══ GIVEN INFORMATION

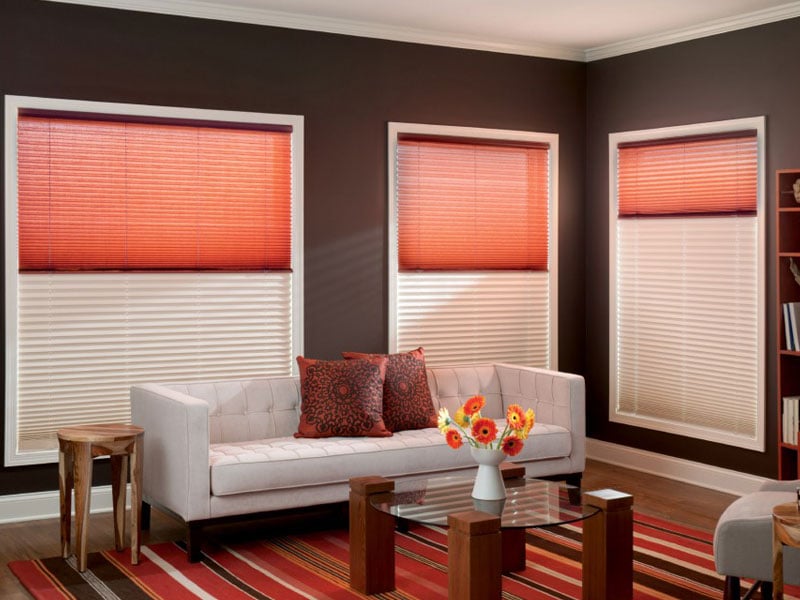 Жалюзи в омске. Плиссе Hunter Douglas. Шторы плиссе Decomatic. Шторы плиссе блэкаут. Plisse жалюзи.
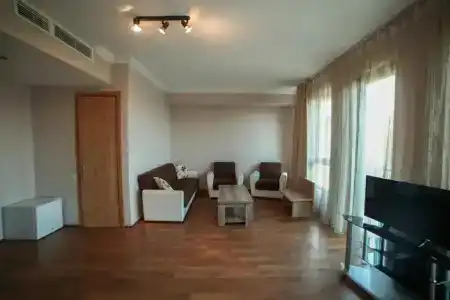 l Plaza - 33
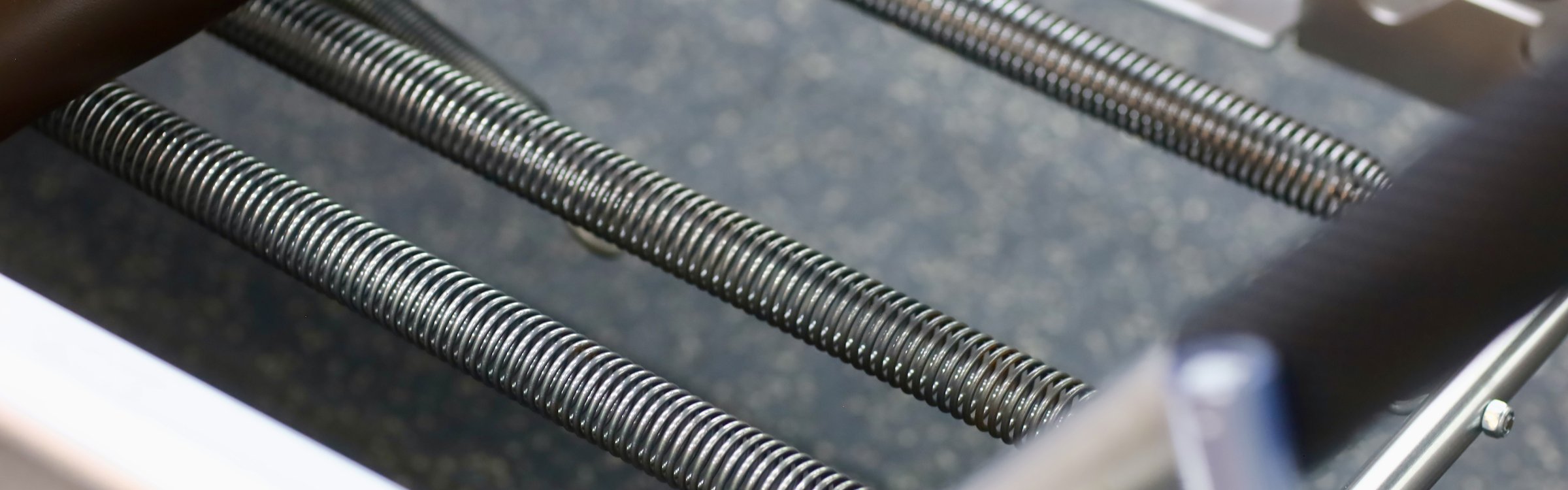 Detail banner — close-up of Gratz aluminium apparatus and spring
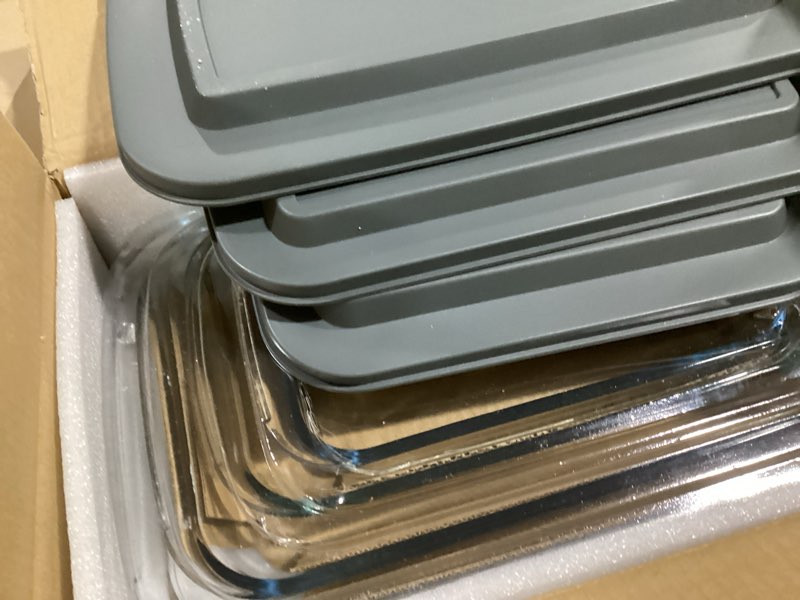 Condition photo showing Good Condition for 8-piece deep glass baking dish set with plastic lids,rectangular glass bakeware set with lids, baking pans for lasagna, leftovers, cooking, kitchen, freezer-to-oven and dishwasher, gray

════

• **DIRECTIONS FOR THIS TASK**: Please repeat everything in the data above except the pictures, exactly as it reads.

• **RESPONSE FOR THIS EXERCISE**:
 Жалюзи в омске. Плиссе Hunter Douglas. Шторы плиссе Decomatic. Шторы плиссе блэкаут. Plisse жалюзи.
 l Plaza - 33
 Detail banner — close-up of Gratz aluminium apparatus and spring
 Condition photo showing Good Condition for 8-piece deep glass baking dish set with plastic lids,rectangular glass bakeware set with lids, baking pans for lasagna, leftovers, cooking, kitchen, freezer-to-oven and dishwasher, gray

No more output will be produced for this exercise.